There was a general increase in trend of cases from 7-12 years then decline among older ages. Gryseels et al. (2006) and Ndamba et al. (1998) reported that those aged between 8-15 years most affected with schistosomiasis with higher infection rates in children than in adults[8, 9]. In a study done in Kenya, Shimada et al. (1987), reported the highest prevalence of schistosomiasis is among children and young adults in many communities, because they are more likely to frequently use river sources for recreational purposes. In our study, there were more females than there were males. This was possibly because the female pupils spent more time in contact with contaminated dam water while swimming, washing, bathing and they also did fishing using nets[11, 12].
There were significant associations between having a current schistosomiasis infection and participating in swimming, bathing in the dam, fishing using a fishing line and fishing with legs in water. This shares similar findings with a water contact observation study done by Chandiwana et al. (1987) where water contact activities such as bathing and recreational and personal use were identified as the risks of contracting schistosomiasis. Other activities in Kwite such as brick molding and watering the garden using dam water were all common practices.

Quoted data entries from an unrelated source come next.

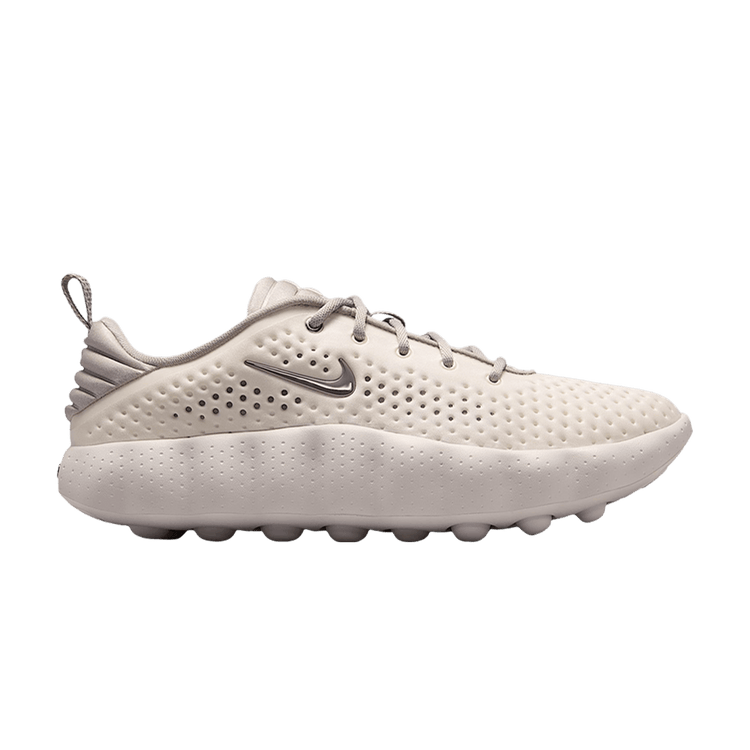 Nike Mind 002 'Phantom' HQ4308 004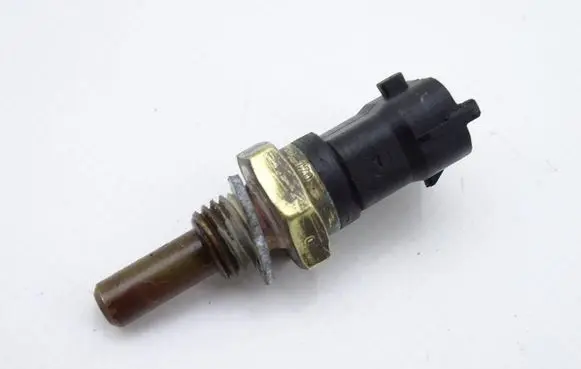Iveco Daily 3rd gen Outside/exterior temperature sensor 0281002170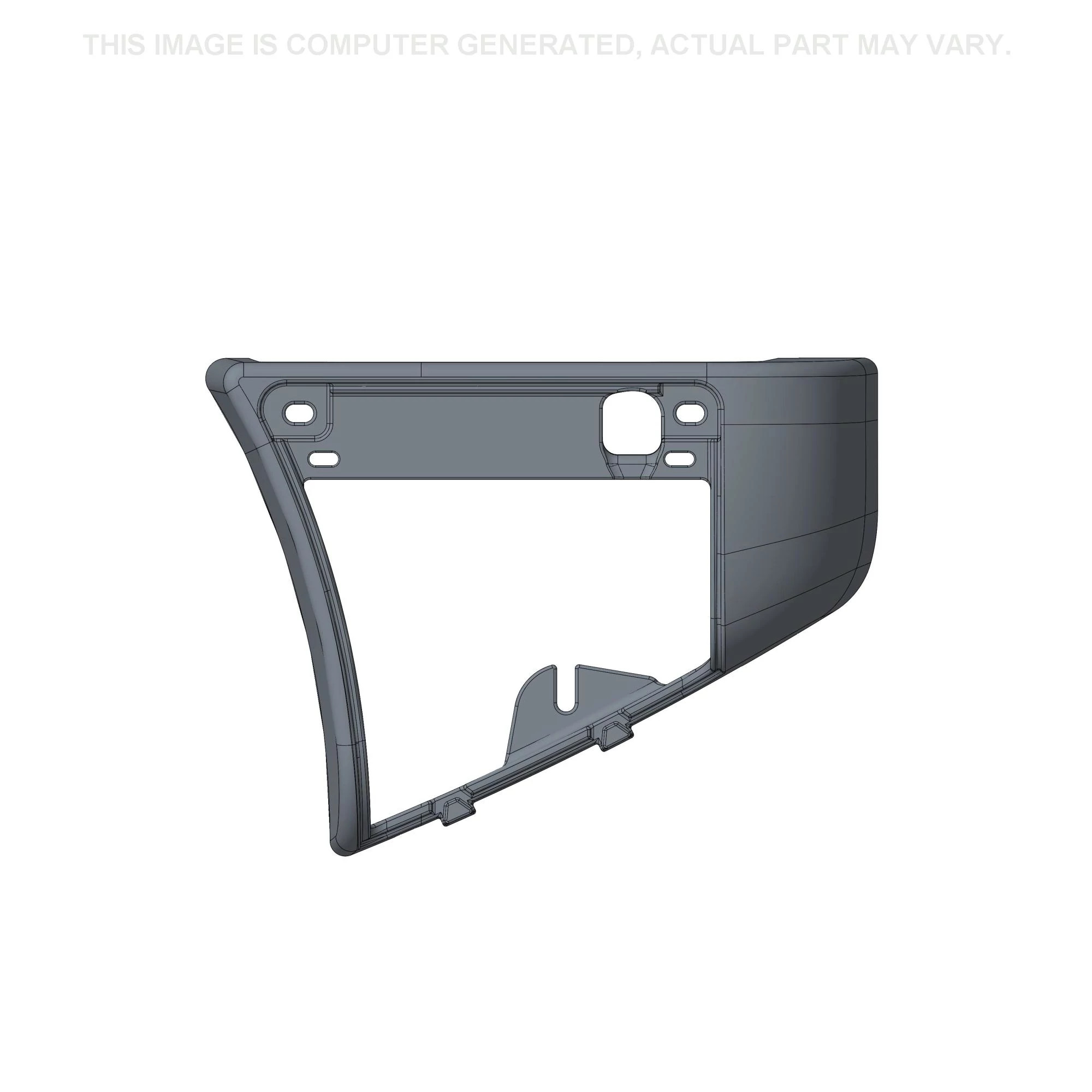 BUMPER | NEWHOLLANDCE | IE | EN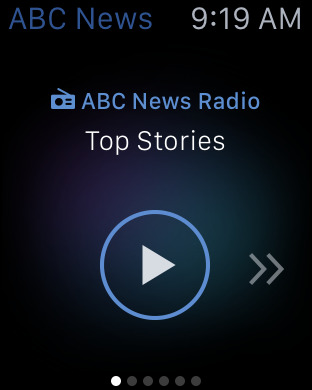 ABC News screenshot 11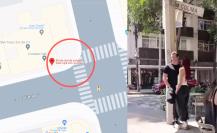 Dua Lipa ahora tiene una esquina con su nombre en CDMX, aquí los detalles Dua Lipa ahora tiene una esquina con su nombre en CDMX, aquí los detalles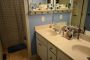 1083 Middleview Drive, Forest, VA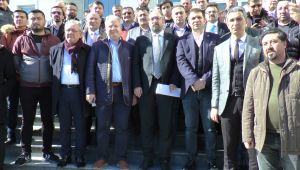 Öğretmen Kuyucu'yu öldüren öğrencinin ifadesi kan dondurdu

We also noted that the school pupils did go for swimming in the dam during break time and after school, they did fetch water for the school garden from the dam. These activities predisposed the school children to getting infected with schistosomiasis.
We observed S. hematobium in urine 31% of samples that were collected. Of note is that 9.5% of cases alluded to having passed bloody stools and the isolation of Biomphalaria pfeifferi snail species in Kwite dam was suggestive that S. mansoni could be a possible cause of schistosomiasis in Kwite. Stool samples could have been done to confirm S.mansoni in Kwite. Bulinus globosus snails that were seen were responsible for transmission of S. hematobium. Midzi et al. (2014), reported that S. hematobium was more widely distributed in Matabeleland South province.
Knowledge levels on causes of disease were high among the pupils while it was lacking on prevention of schistosomiasis. There is thus need to spread messages through health education aided by IEC materials in Kwite. Educational programs can improve knowledge about the disease and healthcare seeking, but behavior can be difficult to change without other options for water contact. The Kwite village’s main source of water for drinking was from the dam during the preceding six months as the three boreholes in the area had broken down. The toilet coverage in the village was lowest at 49% compared to an average of 80% in other villages of Empandeni ward. The provision of safe water supplies and latrines is useful, but for the prevention of schistosomiasis, safe contact sites are also needed.
To control schistosomiasis, strategies include indiscriminate mass treatment, snail control, active case finding, and treatment of particular risk groups such as school-aged children, snail control and health education[1, 2, 15]. However, there were no Information Education and Counseling materials specifically for schistosomiasis the health centre or in the community.
Population-based treatment is feasible, safe, and effective. The main technical difficulty lies in identification of remaining cases and pockets through an integrated surveillance and response system. Mollusciding was done in Kwite dam though surveillance need to be maintained. Molluscides used to eliminate snails in freshwater sources may harm other aquatic lives and, if treatment is not sustained, the snails may return to those sites afterwards. Therefore there is need to maintain surveillance on snail populations on the same note identifying biological methods of controlling snails.
The district was well prepared for the outbreak as surveillance meetings were being held at the rural health centre and at the district. Surveillance minutes and schistosomiasis line lists at the rural health centre and the district offices were seen and verified to be up to date. Integrated disease surveillance and response trainings were done to the district managers but were not extended to the rural health centre staff.
The outbreak response by the district was as per stipulated guidelines. The district was notified by the health centre per phone on the 20th of June 2012. The DMO activated the rapid response team on the same day which was dispatched to investigate the suspected outbreak. Within 48 hours a concrete response was mounted by the district outbreak investigation team at Kwite village.
All 242 pupils present on the day were given Mass Drug Administration (MDA) with praziquantel. Mollusciding was done at the dam to control snails. Health education was intensified to both school pupils and the community on the need to avoid human-contaminated water interface[16, 17]. Follow up of schistosomiasis surveillance was taken up by the district health officials who were scheduled to conduct repeat MDA and controlling snails in the Kwite dam. The provincial health team adopted as on-going activities, the inclusion of schistosomiasis prevention and control in malaria pre-elimination activities.